Different cable connections

Author
Discussion

Oliver Hardy

Original Poster:

2,983 posts

80 months

Wednesday 16th November 2022
quotequote all
Most of my stuff electronic stuff is USB type mini, but bought a new tablet and it has a all new is it type C connection, I know it is faster but why does it have to be different?

Digger

15,106 posts

197 months

Wednesday 16th November 2022
quotequote all
You answered your own question, hence you asked a daft question wink

Technology moves on. Mini USB is an utter pain these days!

Oliver Hardy

Original Poster:

2,983 posts

80 months

Thursday 17th November 2022
quotequote all
Did I? Fail to get why it has to be a different size!

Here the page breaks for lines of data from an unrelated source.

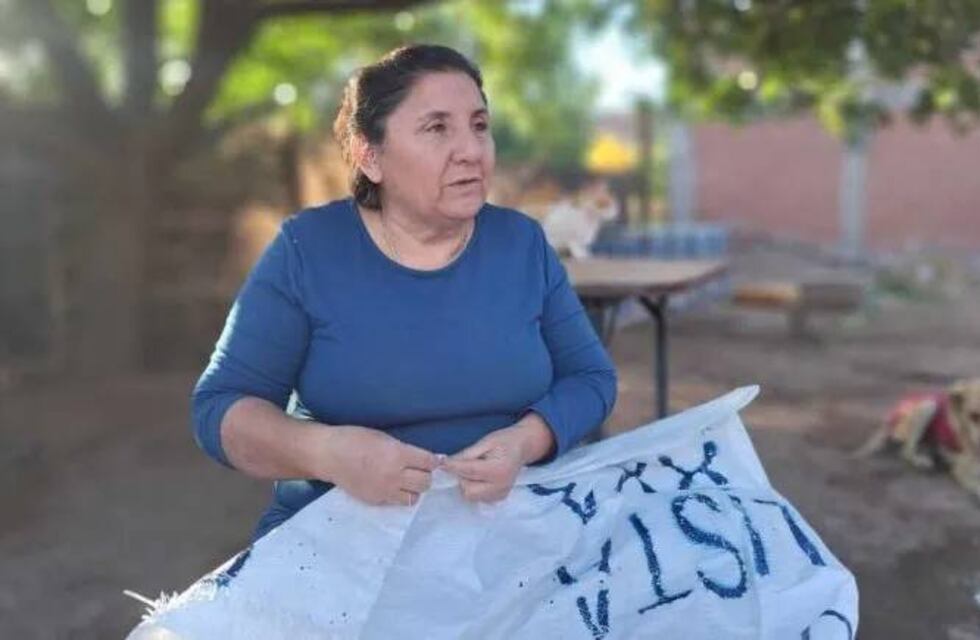 Todo se recicla: el peculiar pedido de una rescatista de perros a los políticos de Neuquén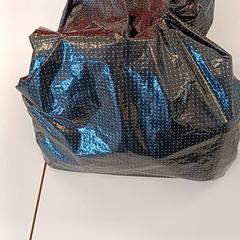 Plastpåse, rapporterat av Regio Antwerpen - Brussel med iLost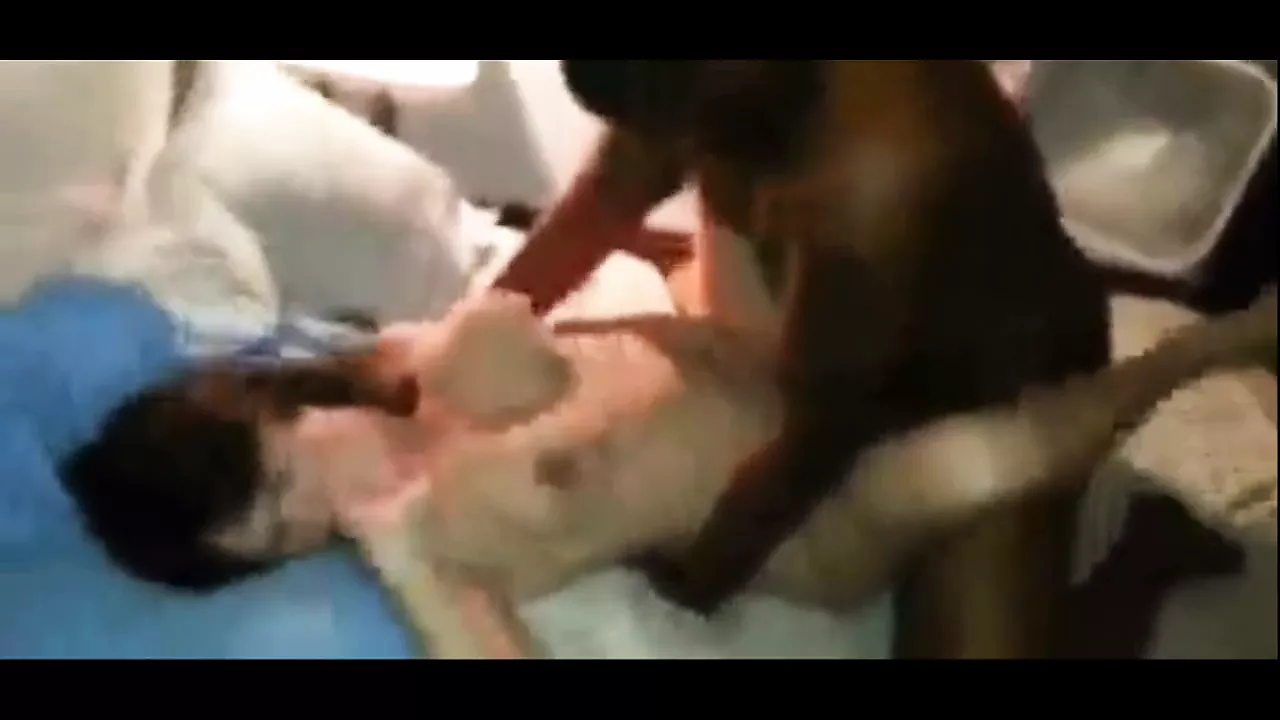 White Wife Experiences Overwhelming Orgasm with Black ...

Got hundreds of the old style cables now I have to buy new ones

xeny

4,590 posts

84 months

Thursday 17th November 2022
quotequote all
They took the opportunity to make the connector reversible while changing the speed spec.

Last time I looked adapters aren’t that expensive.

Alorotom

12,105 posts

193 months

Thursday 17th November 2022
quotequote all
Mini usb hasn’t been particularly common for years now.

It was superseded by micro usb a long time ago, which has also had its fair run and was horrendously fragile and flawed in design.

A type C cable will have been included in the box and I’m pretty sure when I was last in PoundLand they had type C cables and adapters in there

tight fart

3,050 posts

279 months

Thursday 17th November 2022
quotequote all
Haven’t the EU passed a law on cables and gone for usb c?

dontlookdown

1,915 posts

99 months

Thursday 17th November 2022
quotequote all
It may be faster and 'better' tech but at what cost? The cycle of obsolescence for this kind of thing is way too fast. How many thousands of miles of superseded cables etc are lying unused in drawers all over the world? Meanwhile raw materials are in ever shorter supply and the environmental costs of producing them are increasingly unsustainable.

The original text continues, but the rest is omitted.